Сокровища ханской ставки
Аннотация
Исполняется сорок дней с того момента, как бандиты в квартире генерала Воронцова застрелили его старинного друга, полковника КГБ Александра Лукова. Воронцов приглашает на поминки старшего следователя Волина и дает ему прочитать очередную тетрадь воспоминаний Загорского.
* * *
Командир Отдельного корпуса жандармов, генерал-лейтенант Толмачев на правах старого знакомства просит Загорского помочь расследовать одно странное дело, связанное с археологическими раскопками.
Остзейский немец барон Роман фон Шторн отправился с экспедицией в Царицынский уезд, в деревню Розумихино. Во время раскопок пропадает работавший на него эстонец Магнус Саар. Позже на берегу местного лесного озера Листвянка находят обрывки его окровавленной одежды. Прибывший расследовать дело жандармский следователь Персефонов спустя некоторое время тоже пропадает бесследно. Загорский с Ганцзалином отправляются в Розумихино.
© текст АНОНИМYС
© ИП Воробьёв В.А.
© ООО ИД «СОЮЗ»
W W W . S O Y U Z . RU
АНОНИМYС
Сокровища ханской ставки
Пролог. Старший следователь Волин
Франко-итальянский вояж Ореста Витальевича Волина, когда пришлось ему гоняться за убийцей, неуловимым в первую очередь потому, что он и сам про себя не знал, что он убийца, при всей своей бодрящей экзотичности вышел старшему следователю боком.
Нет, сам-то по себе вояж был неплох… Постойте, скажет тут вдумчивый читатель, как же неплох, если нашего дорогого старшего следователя едва не убили? Да, если бы убили, это было бы неприятно, согласился бы сам Волин, — однако все-таки не убили, только руку сломали, а при нынешнем развитии мировой и российской медицины рука — дело наживное. Это, конечно, не в том смысле говорится, что рукой больше, рукой меньше — никто и не заметит. Возможно, есть такие специальности, в которых руки не нужны и даже мешают, особенно, если растут они не из того места, однако в работе старшего следователя руки почти так же важны, как и ноги, не говоря уже о голове. У старших следователей, скажу я вам, все руки наперечет, особенно, если речь идет о столь солидном учреждении, как Следственный комитет. Так что да, руку сломали, но все же не отломали напрочь, и кость уже срослась, даже гипс сняли. Оставались еще некоторые болезненные ощущения, но физиотерапевт обещал, что они пройдут месяца через полтора-два.
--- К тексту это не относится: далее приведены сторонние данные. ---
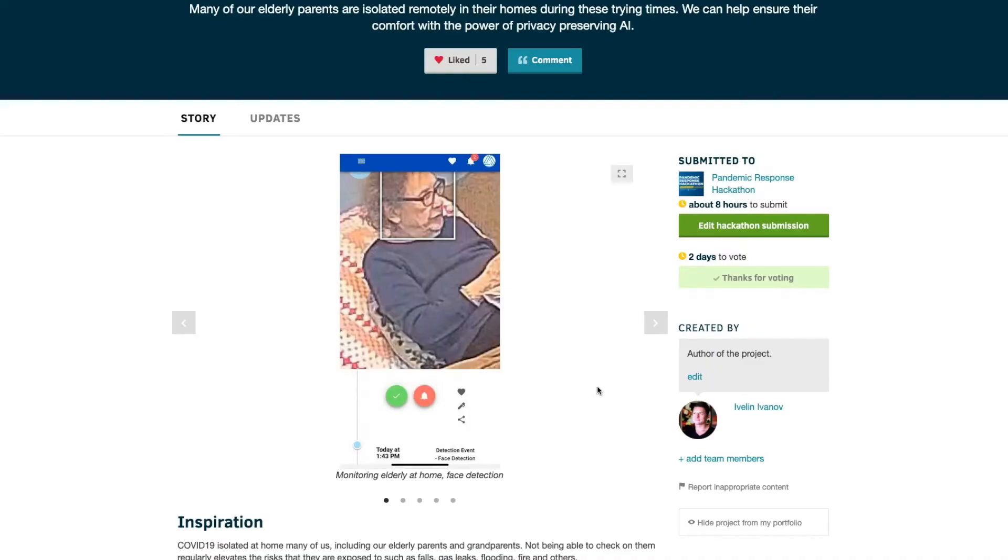My name is Evelyn Ivanov and I'm the project lead for the remote home care project. The goal of our project is to help remote family members that are isolated in their homes.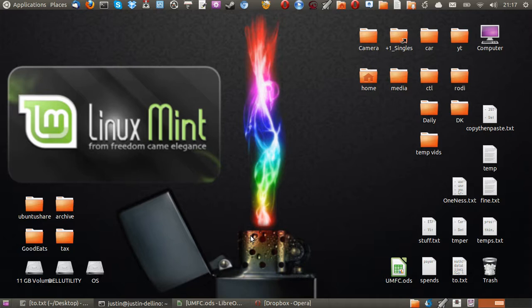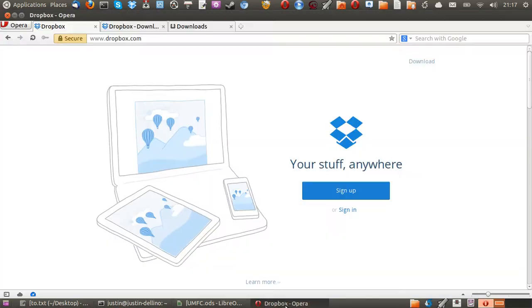And when you do get the latest version, of course, you get extra features, extra functionality, bug fixes and things of that nature. So, the best way to do it is really to go to a web browser and type in dropbox.com.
Однако, пока рука заживала, делами волинскими никто не занимался. Точнее сказать, пару его дел передали другим следователям, но у тех и своих забот хватало. Так что работа неуклонно копилась и росла, как снежный ком, из-за чего теперь приходилось трудиться в два раза интенсивнее. К счастью, полковник Щербаков входил в положение Волина и без крайней необходимости его не поторапливал. Однако сегодня, часов в одиннадцать, все же позвонил по служебному телефону и велел зайти к нему в кабинет.
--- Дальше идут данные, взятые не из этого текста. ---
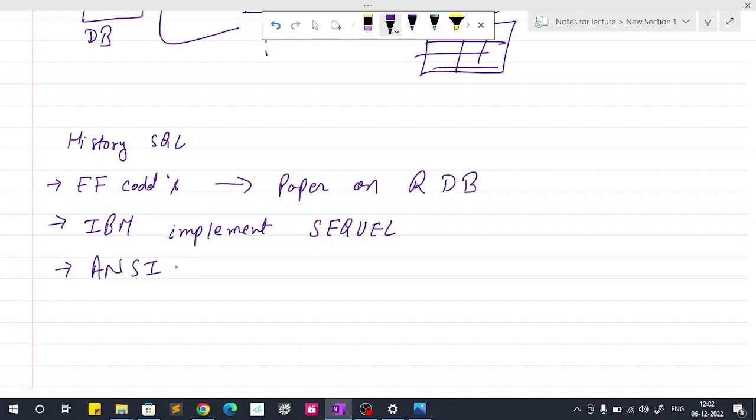Then after that, ANSI adapted this project and furthermore evolution of SQL was done by the ANSI and many more organizations.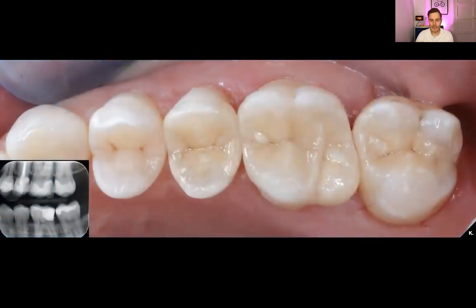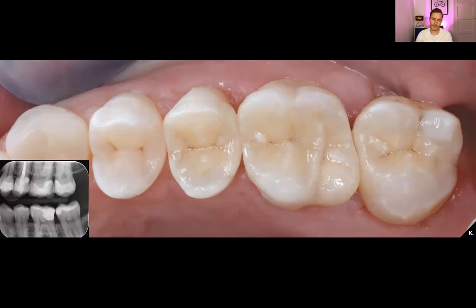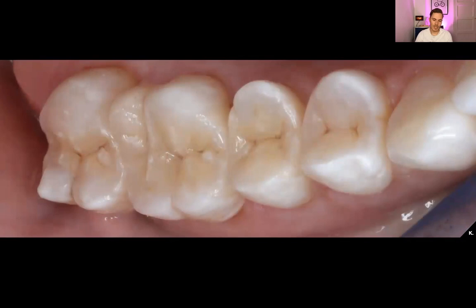Here we can see the situation after removal of the rubber dam, and you can also see the final x-ray of the result. From another angle we can see a really nice integration — it looks really well.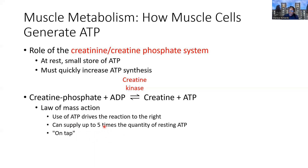The amount of ATP made by this system can supply up to five times the amount of ATP needed at rest — it is not a large quantity, but it is enough relative to resting ATP production. 'On tap' simply means that when your muscle is at rest, it makes that ATP and stores it ready to go, to power the initial contractions when movement begins.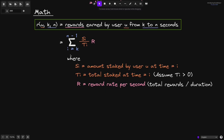The equation is: the sum from i = k to n−1 of (s_i / t(i)) × r. For each second from k to n−1, we calculate the percentage of tokens staked by this user — s_i divided by t(i) — multiplied by the reward rate per second r. This gives rewards earned per second, and we sum it over the duration. However, translated into Solidity code as a for loop, this could use too much gas. Luckily, there's another way to write the same equation that uses less gas.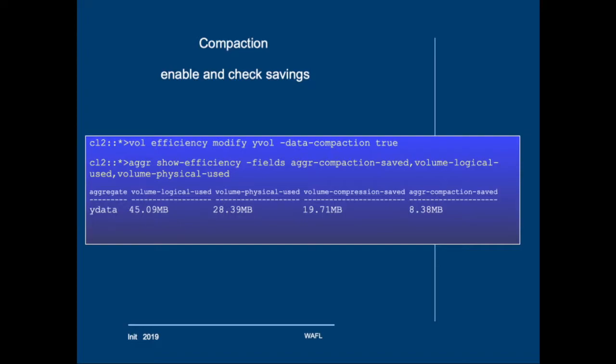Then after some time you should run aggregate show efficiency and specify that you want to see the aggregate compaction saved, volume logical used and volume physical used. Now it will tell you that the aggregate Y data in this case has 45MB of logical space in use. The physical space in use is a lot less. That's because of the compression. So in this case it's 28MB. And the volume compression saved would be 19MB more or less. And the aggregate compaction saved would be 8.38MB in this case.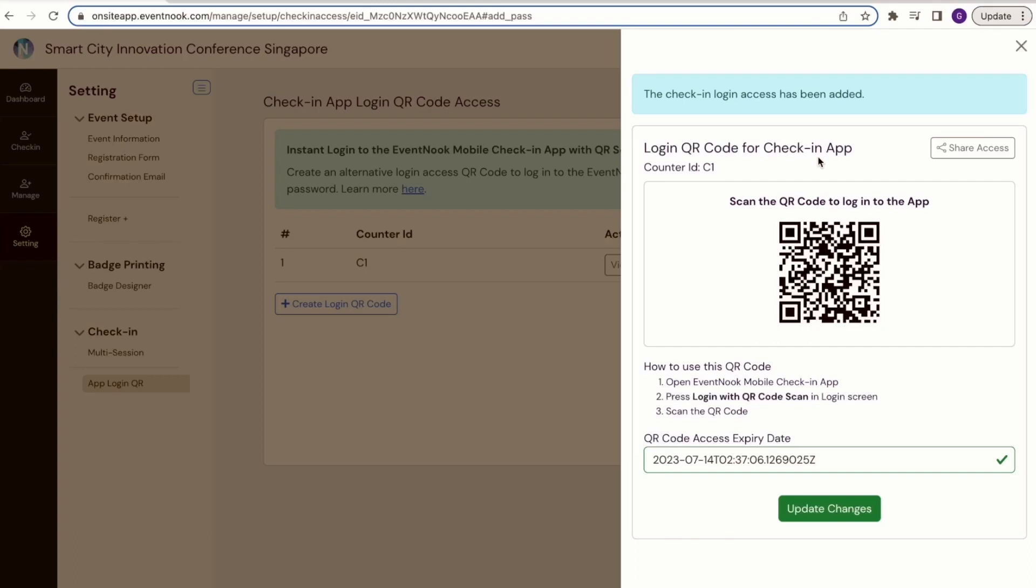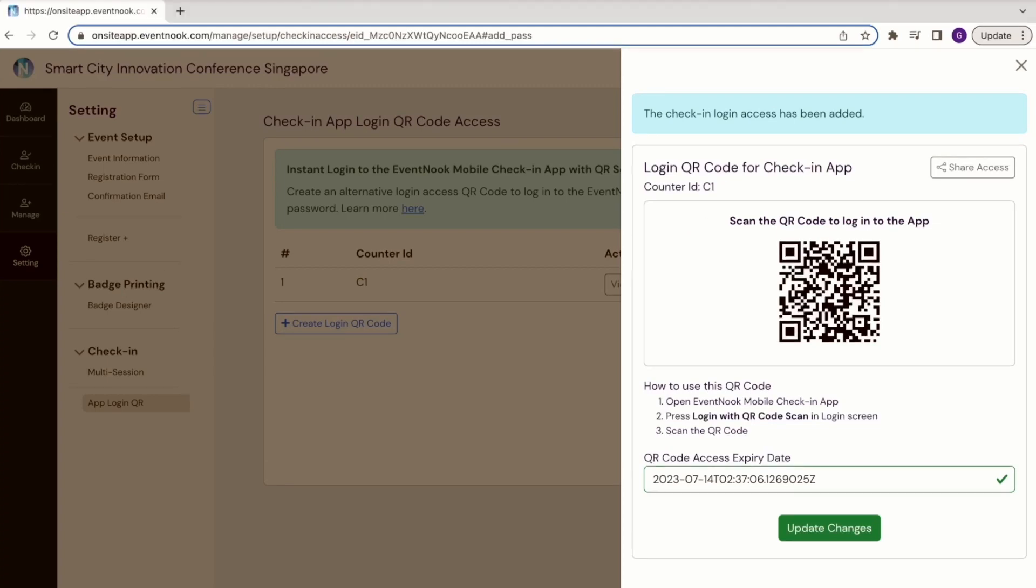Now the only thing your team has to do is scan the QR code with their device in order to log into the app and view the dashboard for your event.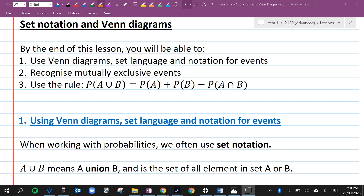In this video we are going to be looking at set notation and Venn diagrams. By the end of this lesson, you'll be able to use Venn diagrams, set language and notations for events, recognize mutually exclusive events and use the rule P of A union B is equal to P of A plus P of B minus P of A intersection B.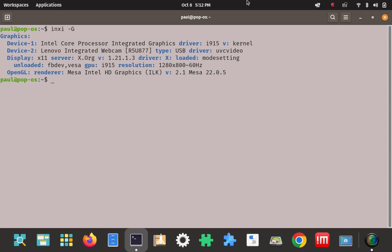That's how to enable a Wayland session on Pop OS Linux 22.04. Thank you for watching — I look forward to your comments and feedback.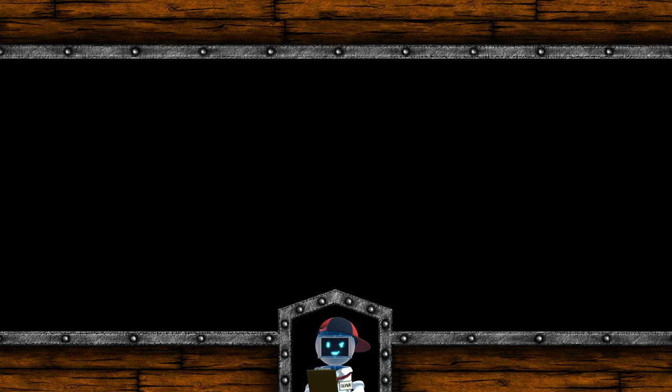Make sure to like, comment and subscribe, and we'll see you next week for the new episode of our Road to Steam series.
Недоумевая, чего вдруг понадобилось начальству и не собирается ли все-таки Щербаков навесить на него новое дело — так сказать, приятным бонусом к остальным — старший следователь толкнул дверь полковничьего кабинета.
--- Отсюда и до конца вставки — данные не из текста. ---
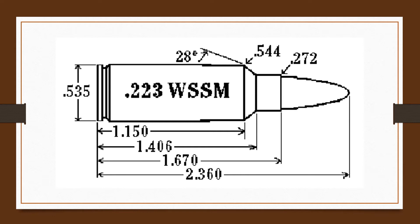The cartridge overall length is 2.36 inches, a half inch shorter than the 2.8 inch length of existing short action cartridges.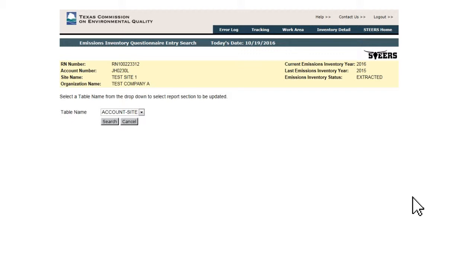The EI is historical in nature, meaning past reported emissions data is maintained in the STARS database. Because of this, deletions of previously reported emissions and sources are not allowed through WebEI.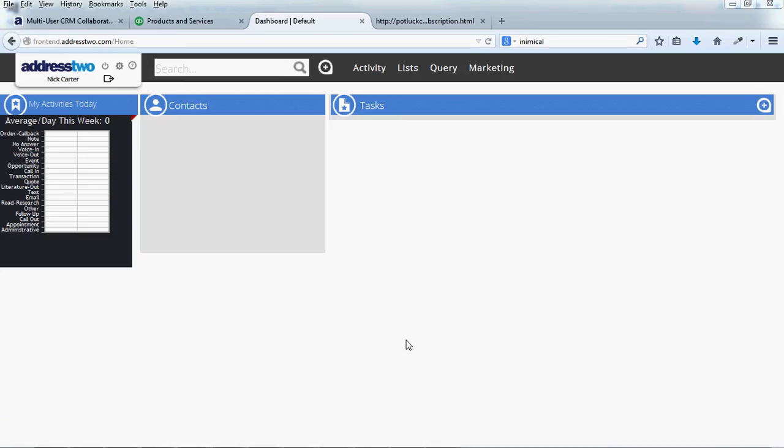So you just started a new account with Address2. It's brand new, an empty database. You're probably looking at a dashboard just like this. Where do we start?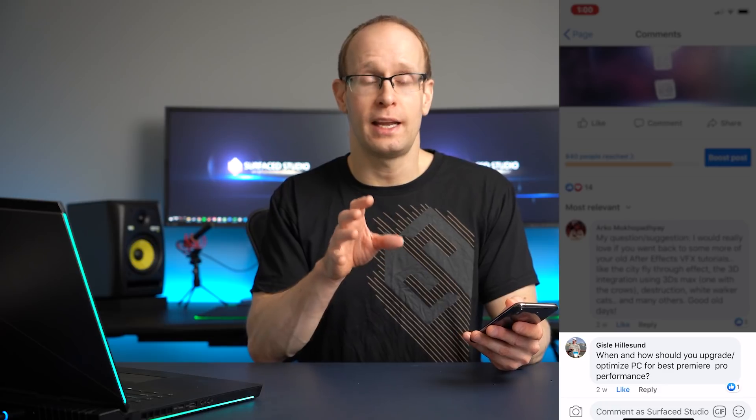Gisle — hi Gisle, hope you're doing well in Norway — wants to know when and how should you upgrade or optimize your PC for best Premiere Pro performance. Whenever it comes to performance and hardware, it gets quite difficult, mainly because how you perceive how well something performs is really personal.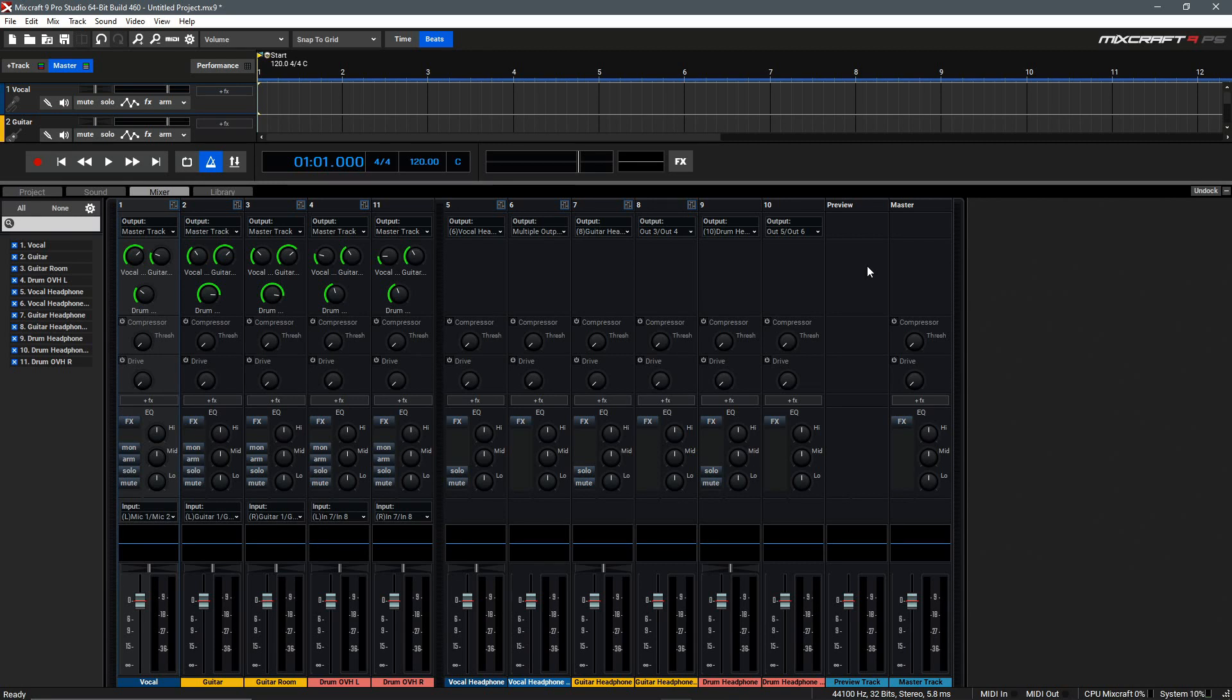By now, you should be able to create an Output Track and Headphone Mix, as well as understand the different case uses of Output Tracks inside of Mixcraft. And that does it for this video, so thanks for watching.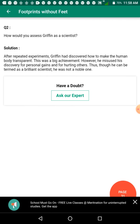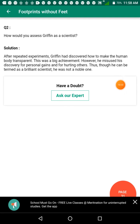How would you assess Griffin as a scientist? After repeated experiments, Griffin discovered how to make the human body transparent — a big achievement. However, he misused this discovery for personal gains and for hurting others. Thus, though he can be termed a brilliant scientist, he was not a noble one. Thank you children; the question and answer session is now completed. Please prepare well for PT2, as these marks are going to be considered for your final board paper.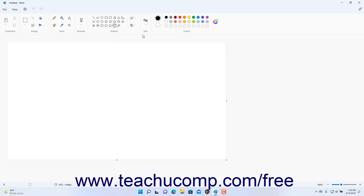If needed, to set the thickness of the outline, click the Size drop-down in the Size button group in the ribbon, and select the desired line thickness.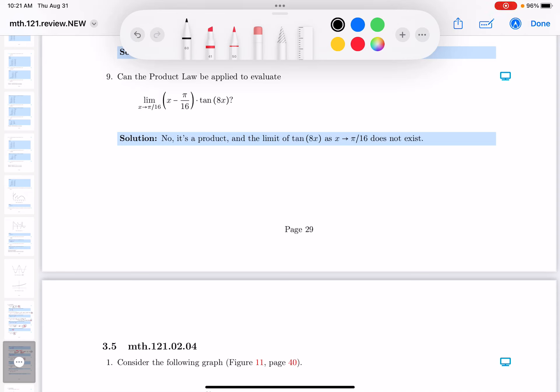Again, it's asking a question of product law. Looking at it, I'm going to say the product is this factor times this factor.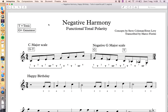Hi everybody, I'm Marco Fiorini and today I want to talk about negative harmony. I've noticed that in the last weeks there's been a lot of interest on the web around this topic, also thanks to a couple of interviews with Jacob Collier, and so since I've been studying negative harmony for the last year I've decided to share what I've learned so far.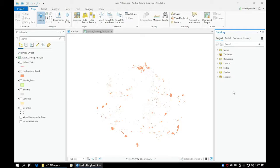In this video, we will use the Select by Location tool to identify what undeveloped parcels overlap with our zoning layer.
— Приветствую, Геннадий Романович!
— А, здорово, здорово, — настроение у Щербакова, похоже, было неплохим — и на том спасибо: видеть сейчас мечущего молнии громовержца Орест Витальевич, положительно, был не готов. — Присаживайся, в ногах правды нет.
О том, что правды нет не только в ногах, но и выше, Волин знал хорошо, но лишний раз решил об этом не упоминать, просто сел на стул рядом с начальственным столом и состроил почтительную физиономию.
— Ты майор, человек еще молодой, — начал шеф покровительственно, — и многого в жизни не знаешь.
Не очень понимая, как отвечать на столь загадочный зачин, старший следователь только руками слегка развел: дескать, ваша правда, товарищ полковник, грешен, но с течением лет непременно исправлюсь.
— При советской власти ты, думаю, и не пожил толком, поди, и пионером не был, — продолжал полковник, всем видом своим обнаруживая необыкновенную проницательность.
Орест Витальевич сокрушенно вздохнул: действительно, не успел, но виноват в этом отнюдь не Волин, а Горбачев с Ельциным, на пару прихлопнувшие не только пионеров с октябрятами, но и всю славную советскую действительность.
— А между тем при СССР много чего было хорошего, а не только глазированные сырки по пятнадцать копеек, — вел свою линию Щербаков. — Например, была там песня, в которой пелось: молодым везде у нас дорога, старикам везде у нас почет.
Волин отвечал, что фразу эту из песни не очень помнит, но целиком и полностью с ней согласен — как с первой ее частью, так и со второй.
— Ну, а если согласен, так чего ж ты деда своего в черном теле держишь? — напрямик спросил полковник. — Почему он мне звонит и на тебя жалуется?
Старший следователь похолодел. Вид восставшего из гроба деда Аркадия, который, добредя до ближайшего телефона-автомата, набирает номер следственного комитета и усердно ябедничает полковнику на внука, недовольный тем, что тот уже год не посещает могилку — так вот, вид этот на миг затмил ему не только лицо полковника, но и весь имеющийся в наличии горизонт. В следующую секунду, однако, морок рассеялся, и вместо деда явилась ему ехидная физиономия генерала Воронцова, который ухмылялся и хитро подмигивал: «Знай наших! Все равно по-моему будет!»
— Что бы там ни было, какая бы работа ни навалилась, а динамить старика нехорошо, неправильно, — укоризненно говорил между тем полковник. — В его возрасте, видишь ли, любой день может последним оказаться. Многие до таких лет и вовсе не доживают, понимаешь ты это?
Раздосадованный Волин хотел было ответить, что генерал Воронцов еще их с полковником переживет, но поглядел на благодушную физиономию начальства и решил промолчать. Вместо этого он сказал вот что.
— Я, — сказал, — товарищ полковник, ему уже объяснил, что приеду вечером, как только служебные дела худо-бедно раскидаю.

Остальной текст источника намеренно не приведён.